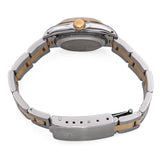 Rolex Oyster Perpetual 18k Gold/Steel Automatic Women's Watch Ref 67193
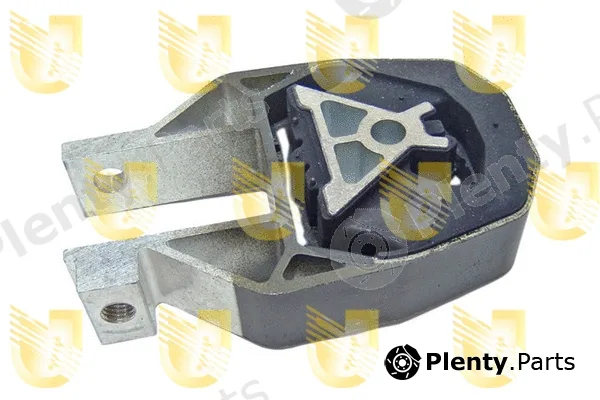 Unigom 396468 — Mounting, engine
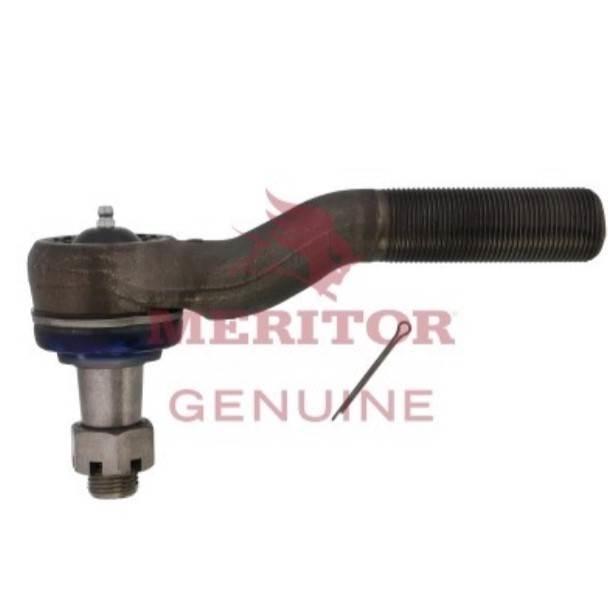 Meritor  Transportas - Kita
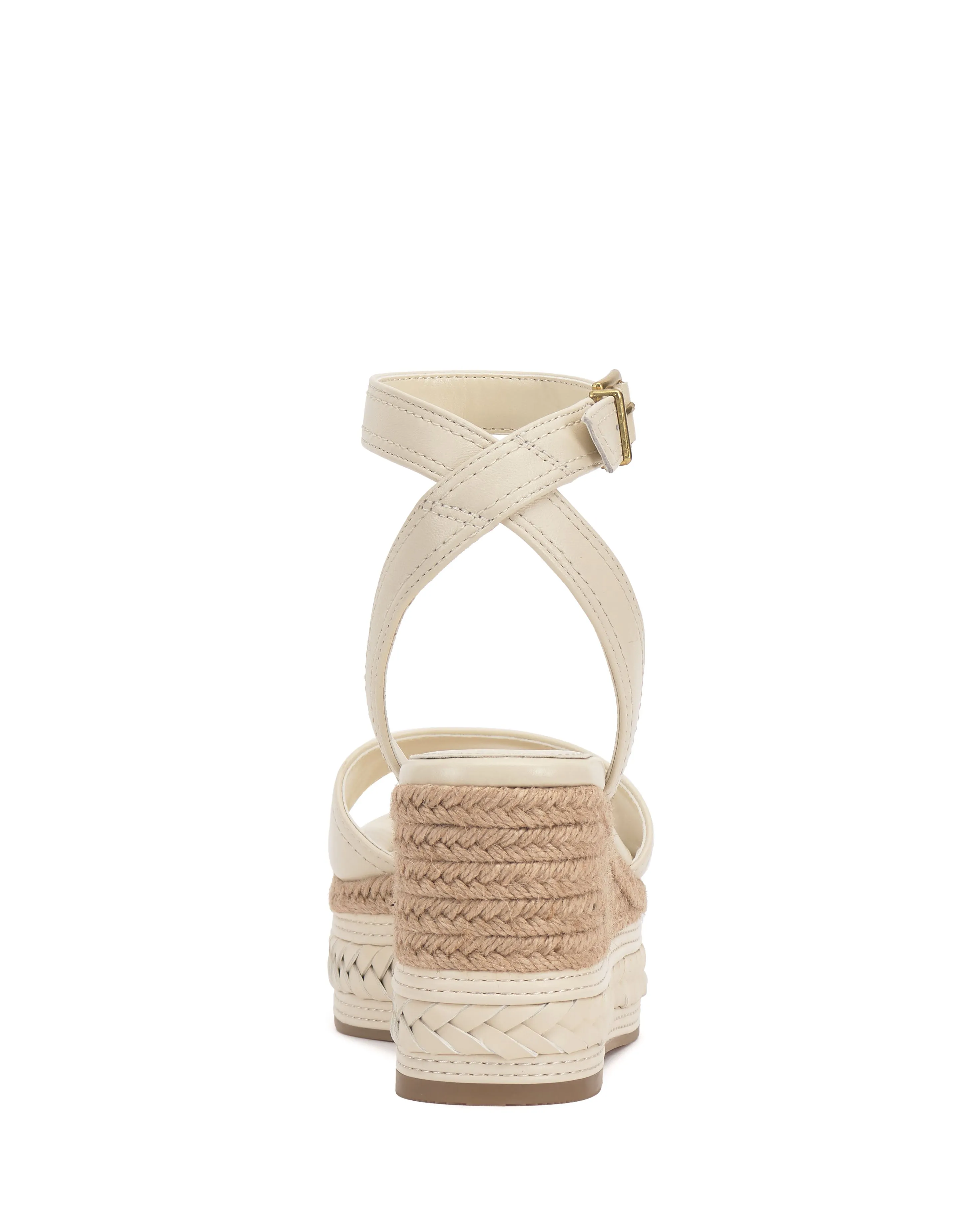 Lilla Espadrille Wedge Sandal sold by Vince Camuto product image thumbnail 5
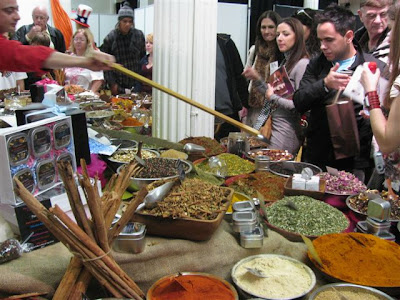 Spice Company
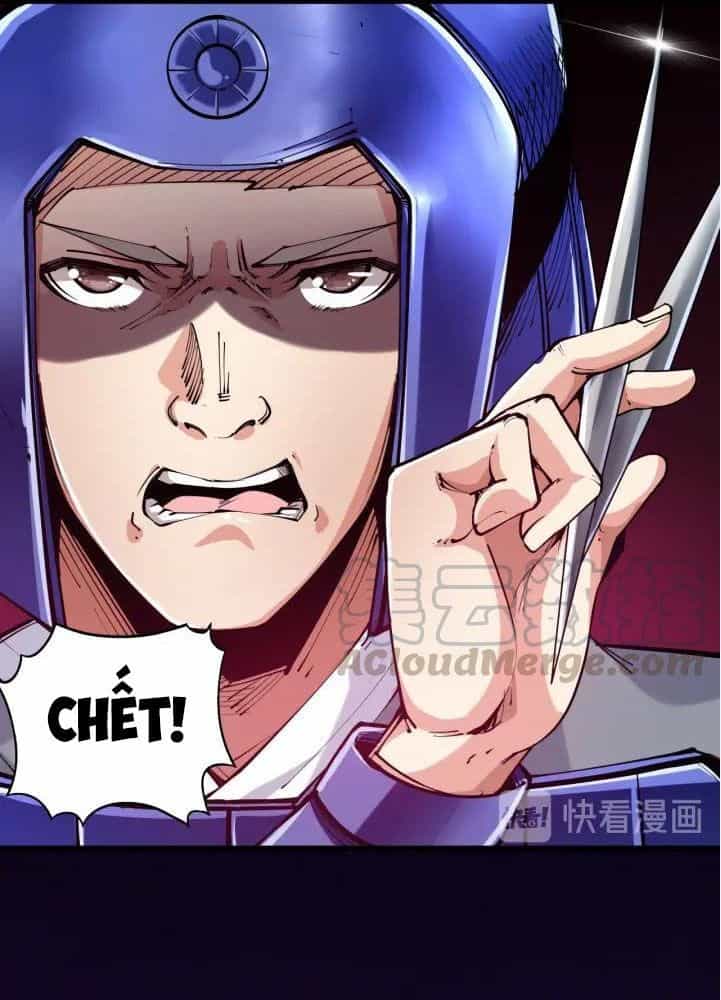 Ngự Thiên Thần Đế - Chương 61 - ảnh 14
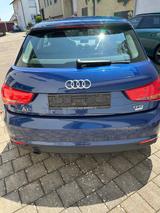 Audi A1 1.0 TFSI ultra sport sport - Audi A1: Standheizung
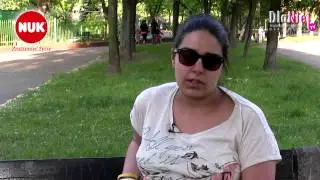 Symptomy porodu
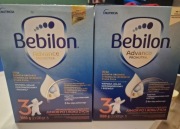 Mleko modyfikowane Bebilon 3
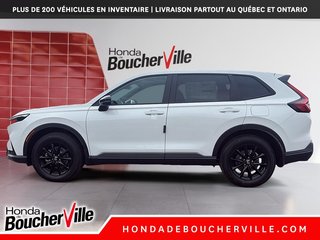 Honda CR-V Hybrid EX-L HYBRID 2026 à Terrebonne, Québec - 3 - w320h240px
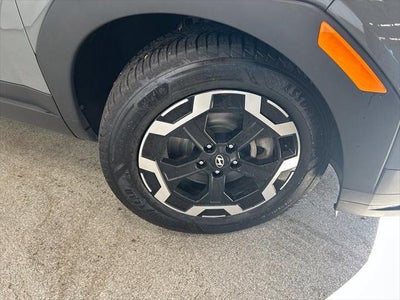 2024 Hyundai Santa Fe SEL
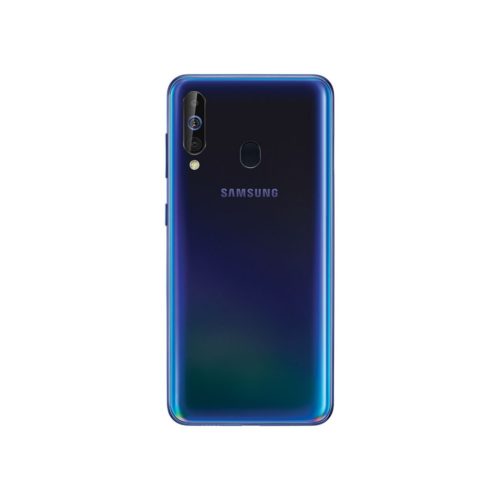 Samsung Galaxy A60 6+128GB 4G Android Smartphone 6.3 inch Full Scree 3500mAh 32MP Camer NFC Cellphones Tannin Black 7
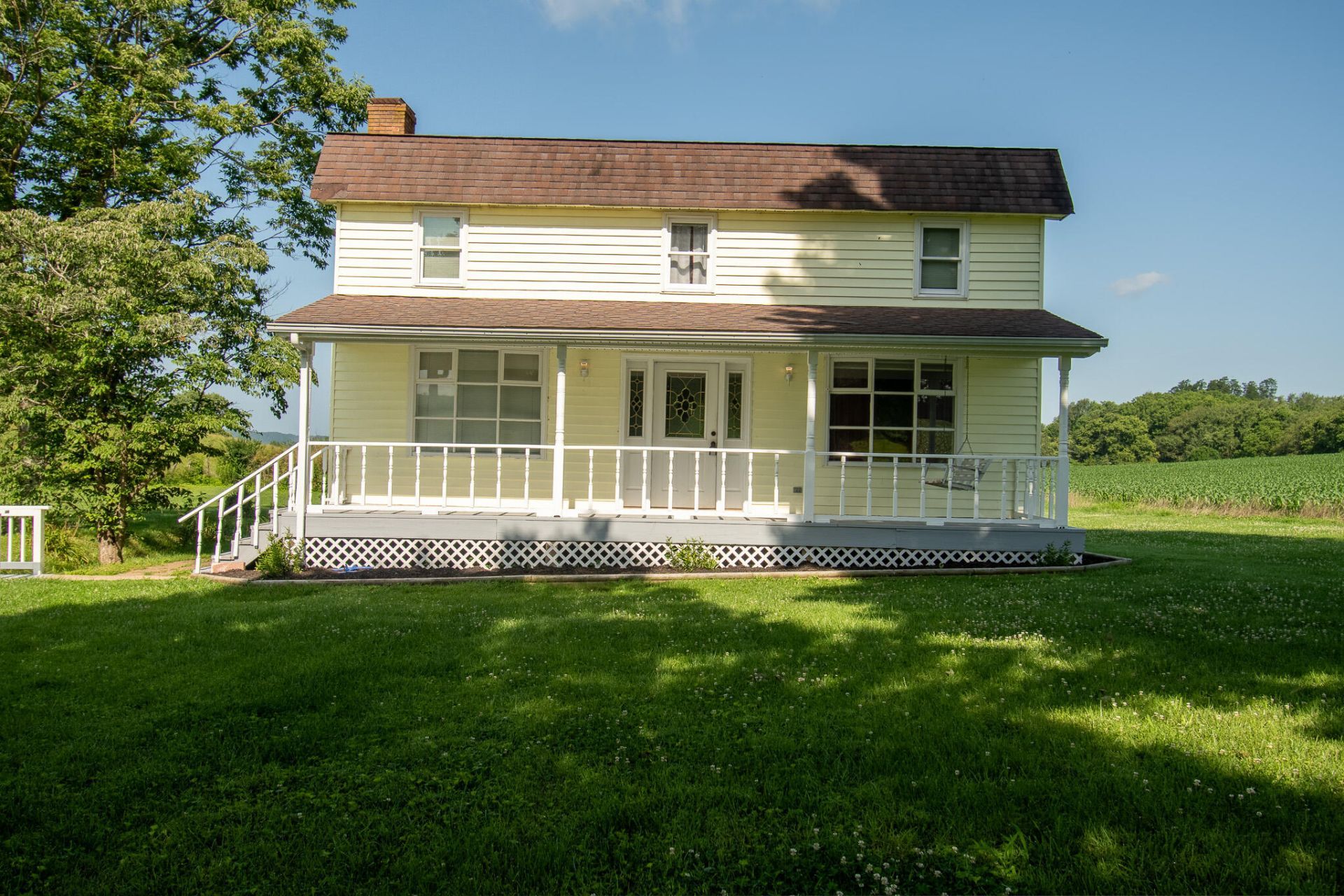 265 Givens Lane, Danville, KY 40422 Main Photo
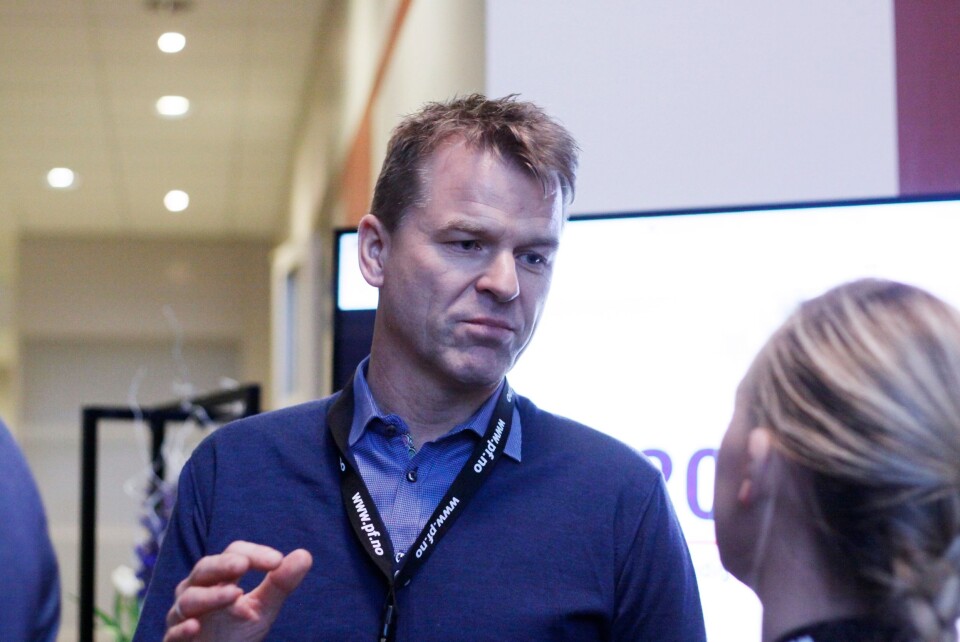 OPPGITT: Sigve Bolstad mener det nå er viktig å få på plass en justisminister som brenner for justisfeltet, og ikke trenger lang opplæring, slik at det blir kontinuitet. OPPGITT: Sigve Bolstad mener det nå er viktig å få på plass en justisminister som brenner for justisfeltet, og ikke trenger lang opplæring, slik at det blir kontinuitet.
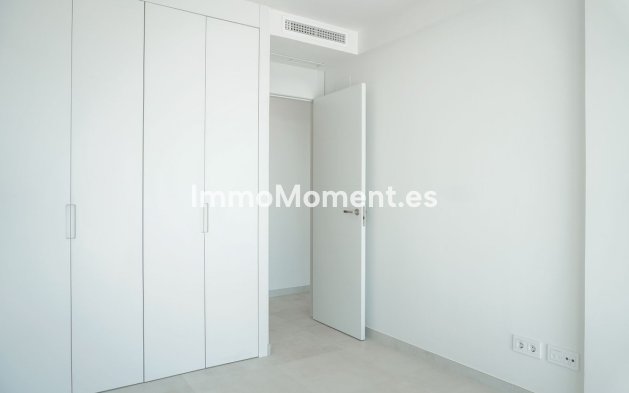 Wiederverkauf - Wohnung - Mijas - Mijas Costa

* * * * * * *

> [What is expected]:
Find the line that contains "Spice Company", then write out that line and each one after it, exactly and with nothing else, through the end of the entries above, without the pictures.

> [Output below]:
 Spice Company
 Ngự Thiên Thần Đế - Chương 61 - ảnh 14
 Audi A1 1.0 TFSI ultra sport sport - Audi A1: Standheizung
 Symptomy porodu
 Mleko modyfikowane Bebilon 3
 Honda CR-V Hybrid EX-L HYBRID 2026 à Terrebonne, Québec - 3 - w320h240px
 2024 Hyundai Santa Fe SEL
 Samsung Galaxy A60 6+128GB 4G Android Smartphone 6.3 inch Full Scree 3500mAh 32MP Camer NFC Cellphones Tannin Black 7
 265 Givens Lane, Danville, KY 40422 Main Photo
 OPPGITT: Sigve Bolstad mener det nå er viktig å få på plass en justisminister som brenner for justisfeltet, og ikke trenger lang opplæring, slik at det blir kontinuitet. OPPGITT: Sigve Bolstad mener det nå er viktig å få på plass en justisminister som brenner for justisfeltet, og ikke trenger lang opplæring, slik at det blir kontinuitet.
 Wiederverkauf - Wohnung - Mijas - Mijas Costa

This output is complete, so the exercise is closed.